By Jonathan McLeod, AFT Guild Governmental Relations Committee Chair
The AFT Guild is working to minimize cuts to public higher education funding, particularly in the community colleges, and to turn the tide for the future. While Grover Norquist, founder of Americans for Tax Reform, promotes a libertarian anarchist agenda of tax cuts across the nation that would “starve the beast” of government, the AFT Guild holds that restoring California, after years of under-funding public services, will require the restructuring of taxes. Only by augmenting General Fund revenue, will Californians be able to sustain our public community college and university systems, educating upwards of two million students each year.
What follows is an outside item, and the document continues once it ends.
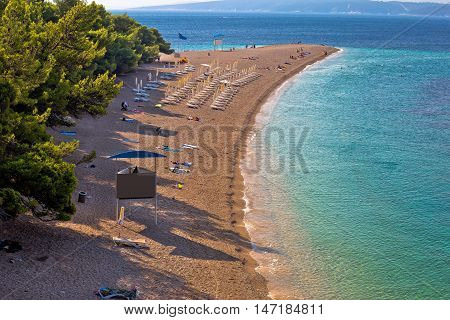 Famous Zlatni Rat beach on Brac island view Bol Dalmatia Croatia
Members of the Guild’s Government Relations Committee (AFTG-GRC), this year, have been studying the state budget and funding mechanisms for the California Community College and university systems. Working with the California Federation of Teachers, our statewide affiliate, we have been urging the expansion of the tax base, especially through such means as the reintroduction of the vehicle license fee (VLF) and the reassessment of property taxes for corporate-owned property, often taxed at below average rates, because of loopholes in current tax codes. Years of tax cuts, especially after 2000, and corporate subsidies, papered over with governmental borrowing, have jeopardized the ability of our colleges to offer education to our students, as well as having depleted resources for other vital public services and infrastructure maintenance. The future of California requires real tax reform to fund public education and vital social services, as well as to fund infrastructure needs; we cannot afford tax cuts that subsidize corporate interests. Moreover, as AFTG-GRC member Mike Byron, a navy veteran stresses, the decision made about the investment of tax dollars to fund educational opportunities in public community colleges and universities for those who serve in the military offers tangible proof of support, going beyond mere bumper sticker sloganeering that frequently has been used by the anti-tax propagandists.
Meanwhile, the AFTG-GRC has worked to support bills for funding public higher education issues that now are in the legislative process. Among these is ACR 91 (Mendoza) that would strengthen the expectation that community colleges hire tenure-line faculty, rather than relying disproportionately on adjunct faculty. This Assembly Concurrent Resolution also would mandate that community college districts fund benefits for adjuncts at a proportionate level comparable to those earned by tenure-line faculty. Another urgent bill is AB 2277 (Eng), which would shift $80M from the state general fund to the CCC to fill a gap caused by declining property tax revenues. Funding shortfall for expenses already budgeted is necessary to prevent a $2.95 cut in the SDCCD alone, for the 2007/08 academic year.
As part of our advocacy, the AFTG-GRC is conducting meetings with lawmakers. We have met with Assembly Member Lori Saldaña and her staff twice recently to address budget issues and the importance of increasing tax revenues for the funding of higher education. In reviewing the funding shortages and the need to sustain our colleges, Lori agrees that the values of our culture are reflected in the budget priorities. Meetings also are planned with State Senator Denise Ducheny, Assembly Member Mary Salas, and State Senator Christine Kehoe. The committee continues to reach out to other San Diego-area legislators, as well, stressing that the investment in public higher education today also is an investment in the future.